If you all haven't already realized, I tend to over think everything I do. I'm talking everything. When I make plans, I basically script out how the night will go. When situations don't turn out how I wanted them to, I think back on it and then try to explain to myself why that situation didn't work out...but as soon as I start thinking about it reality sets in and I realize how pointless it is to dwell on a situation that no longer can be changed. It does leave me bottled up with regret, I'm not going to lie about that. I don't think regret is completely horrible, in fact, it's at those moments of regret when we gain the most insight on who we are and what we want. It's bitter sweet. You start thinking about how good the situation was and play back every detail in your mind to pick out the little things you think you could have done to make it even better. For me, I mostly think back to the lack of affection I showed or how erratic my emotions were.

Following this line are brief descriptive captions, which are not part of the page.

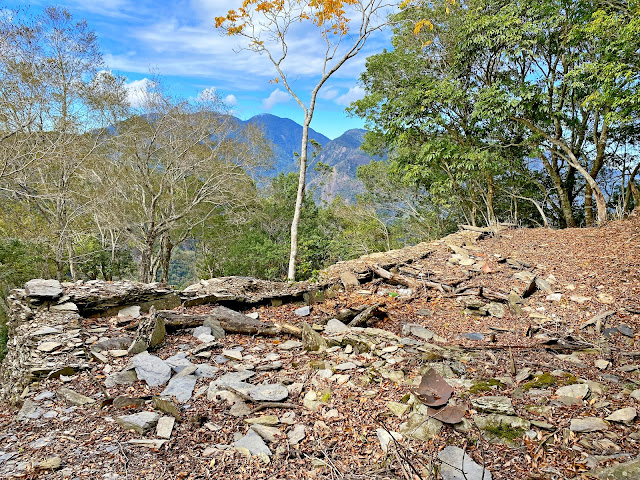 拉夫郎山西北峰回程--大石板屋遺址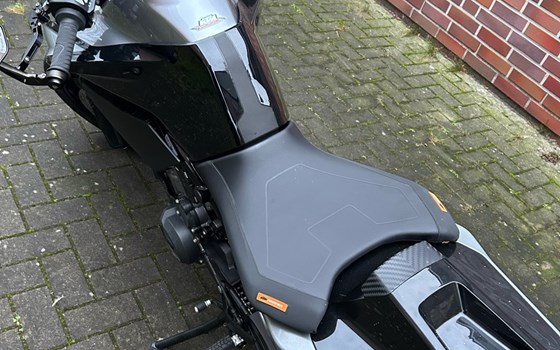 Gebrauchtmotorrad KTM 790 Duke L - Bild 6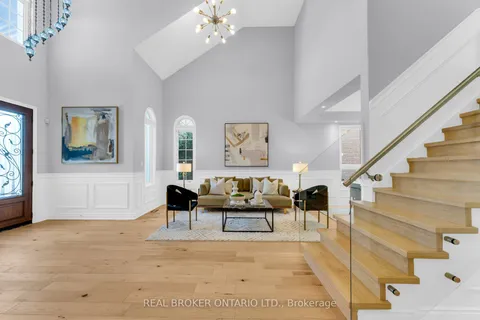 2293 Woodcrest Drive, ON L6M 4C5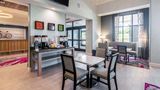 <b>Hampton Inn & Suites Dallas/Richardson Restaurant</b>. Images powered by <a href="https://iceportal.shijigroup.com/" title="IcePortal" target="_blank">IcePortal</a>.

Its very hard for me to drop my wall, I mostly try to stay calm and collected. I think I've bottled up so much I'm afraid of what may happen when I do let go. As a result, much of my social skills have been dulled. What I do hold onto are peoples stories, thoughts, ideas, emotions, beliefs, and all of that personal crap. I guess since I have always had so much trouble determining who is right, what is right, and what makes something right those stories just stick to me. Obviously this idea faded out years ago when I realized its doesn't matter what's right, it's what works for the individual that matters. I could probably see a movie a thousand times and not be able to quote more than a sentence, but someone could tell me one heartfelt experience and I'll keep that in my mind whenever I see them. Especially when its someone I care about. All I want to do is help people, it's instinctual almost. I hear a problem and just break it apart to find what is causing the trouble and immediately just say what I think will make it better. I forget that at times people aren't looking for the solution, they are just looking for understanding of why they are upset. Acknowledgment of their misery, to vent. For someone that claims they understand people so well, I fall short to this concept of letting problems play out and fix themselves with time.

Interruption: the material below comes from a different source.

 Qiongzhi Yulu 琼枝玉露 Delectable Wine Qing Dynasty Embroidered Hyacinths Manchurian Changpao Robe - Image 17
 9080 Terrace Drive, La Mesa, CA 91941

It's really quite contradicting of myself, also. I know on that rare occasion when I do share with people my problem(s) I'm usually not asking for a solution, just acknowledgment of what I'm going through and support. I think I learned this concept the hard way with Amy. I can see why she stop coming to me with her problems, I basically tore them apart for years when all she wanted was someone to listen and support her. One of the things I regret...mostly because I know that impacted her image of me. I feel like I have changed since then, but I know she probably won't see me differently.

This became most apparent when I told her I will miss her and love her and in return I get a "thanks bro". My heart fucking sunk. No sign of...well anything. I know she cares, but I just don't understand why she cant voice it. Regret sets back in. Not because I regret saying it, just regret on what I did to cause our friendship to be this way. Maybe what I continue to do? I know I'm more quiet and conscientious around her these days for fear of giving her some kind of wrong impression or fear of my every word to be thrown back at me or shut down.

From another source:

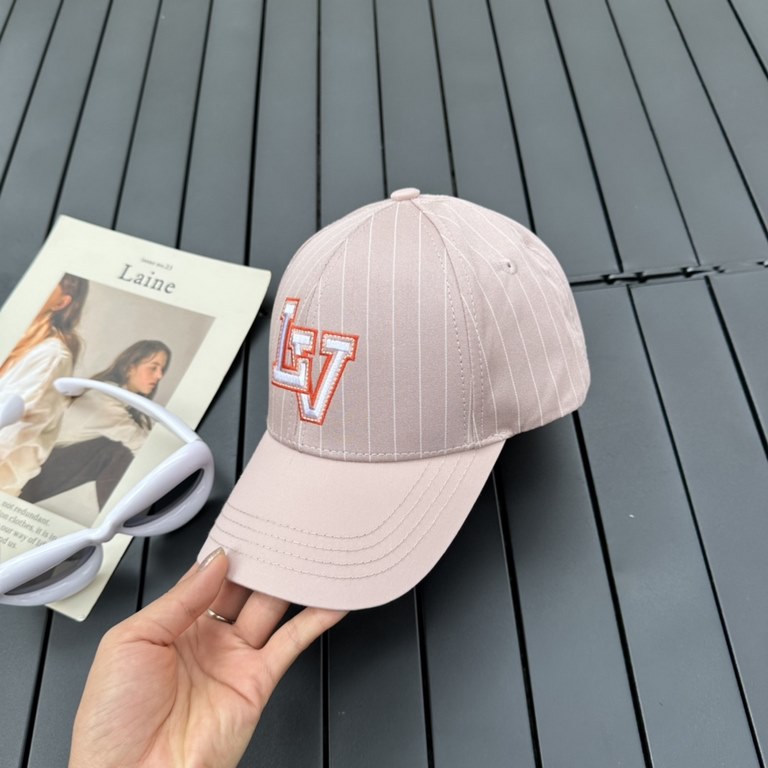 LV Louis Vuitton official website version of the shipment, the classic baseball cap, very classic classic, popular retro beauty, available in all seasons, out of the necessary, very show face is small!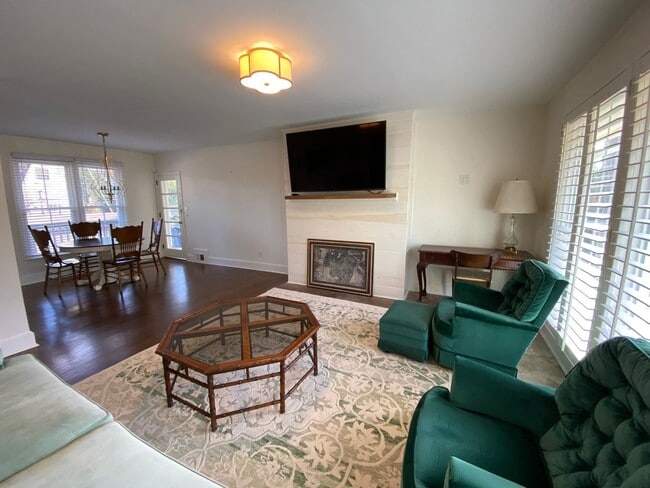 Building Photo - Beautifully Updated and Furnished 3 bedroom, 2 bath brick ranch in Vineland!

I try to just be myself and forget about how different it is now, but when I do start feeling a little comfortable with everything I'm usually slapped with a cold piece of reality. That reality being that these moments we have together aren't going to last, I can't treat her how I really want to, just an internal struggle. It really does damper my mood, especially when I'm with her. I really don't try to let it bother me. I know my bitterness is just a drag on her and it's not how I want to share what little time I have with. I wish she took my compliments seriously. I don't want every conversation to be an argument, or dispute(unless its for funzies of course). I don't want her to feel suffocated by me. Everything is so dry and to the point now.

Who knows though...she's happy. She is where she wants to be in NYC, doing what she wants to do, has friends she enjoys, and is with someone she really cares about. That's all that really matters, and that's all I have ever hoped for her.

Merry Christmas.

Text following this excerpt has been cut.